Kyiv mayor Vitali Klitschko this morning told residents that Russian troops are drawing closer to the capital. In a Telegram message, he advised residents to remain sheltered underground and added: “We are preparing and will defend Kyiv! Kyiv stands and will stand. We will fight!”

Five people died and another five were injured after Russia attacked a television tower in Kyiv and the Babyn Yar Holocaust Memorial. The memorial marked the site where 33,000 Jews were executed by Nazis over two days in September 1941. An estimated 100,000 people were murdered at Babyn Yar during World War II.

Russian advance on KyivPA

In the northeast, reports from this morning state that Russian troops have landed in the country’s second-largest city, Kharkiv.

At least 25 people are thought to have been killed and a further 121 injured after Russian paratroopers attacked the city overnight and on Wednesday morning.

The UK Ministry of Defence said the latest intelligence suggested Russian forces had reportedly moved into the centre of Kherson in south Ukraine.

Artillery and air strikes have targeted built-up areas in Kyiv, Kharkiv, Mariupol and Chernihiv.

Wallace said the advance of Russian forces continued to be slowed by a combination of overstretched logistics, poor morale and brave resistance by Ukrainian fighters.

Russian invasion of UkrainePA

“The Russians are considerably behind their schedule, by days not hours, and that leads to stresses on their logistical supply chains,” he told the BBC.

“That’s why you have seen some of these columns fairly grind to a halt.
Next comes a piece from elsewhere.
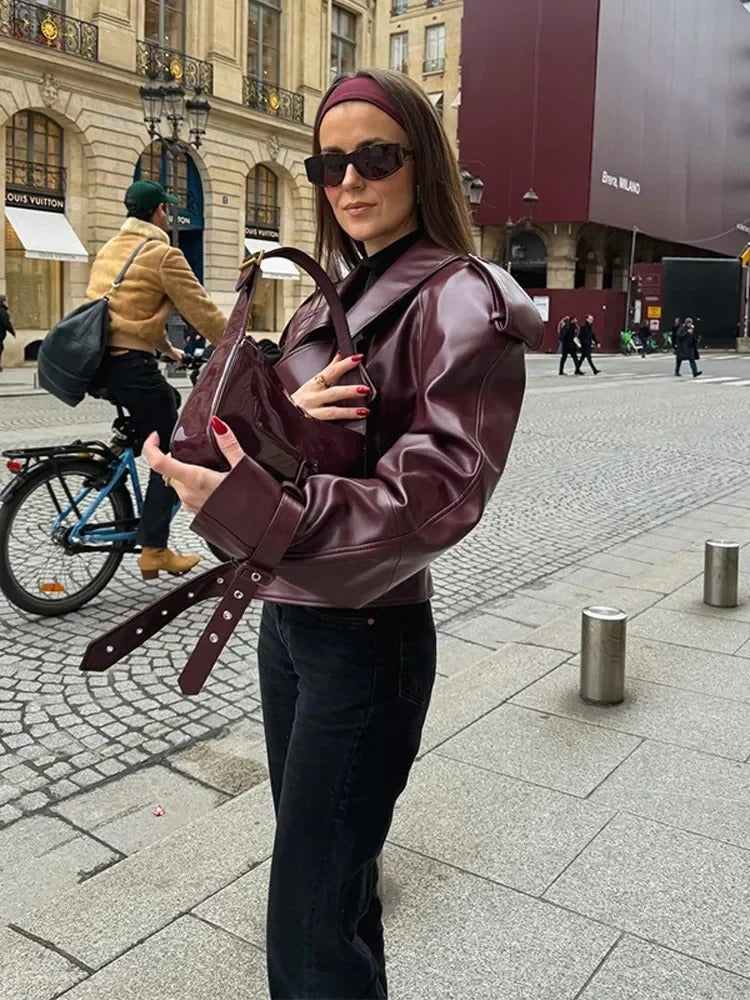 Lina | Stylische Lederjacke – Isabels Modehaus (Bild 3)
They have also been surprised by the strength of the Ukrainian resistance.”

He told BBC Breakfast that “none of the major cities have been taken control of”.

There was “huge amounts of low morale in the Russian forces, we’ve seen lots of surrenders”.

“But that doesn’t take away from the fact you have a very ruthless Russian armed forces leadership and a president who seems to know no limit to how much violence they will use to achieve their aims.”

The lack of progress in meeting the aims of the invasion had led to a change in tactics, focusing on aerial and artillery bombardment of cities rather than the kind of lightning mobilised armoured advances originally envisaged by the Kremlin, Western military experts believe.

Wallace told Sky News that meant a plan to “carpet-bomb cities, indiscriminately in some cases” and on BBC Radio 4’s Today Programme he warned they would “pummel these cities with artillery and then hope to break the city”.

He told the BBC that siege tactics were in the Russian military doctrine, with forces surrounding a city before they “bombard it indiscriminately and then eventually close in on a population that they hope to have broken, and indeed take over what’s left of the city”.

“We’ve seen that in Chechnya before,” he said.

But Ukraine was a different proposition because of its size and population.

He warned that an occupying force would face the kind of insurgency faced by the Soviets in Afghanistan or the UK and Western allies in Iraq.

“Invading a country with overwhelming force is one thing, occupying a people of 44 million who don’t want you in – it is a very different thing.”

There could be “years of resistance” to a Russian occupation, he said.

Putin previously annexed Crimea from Ukraine in 2014.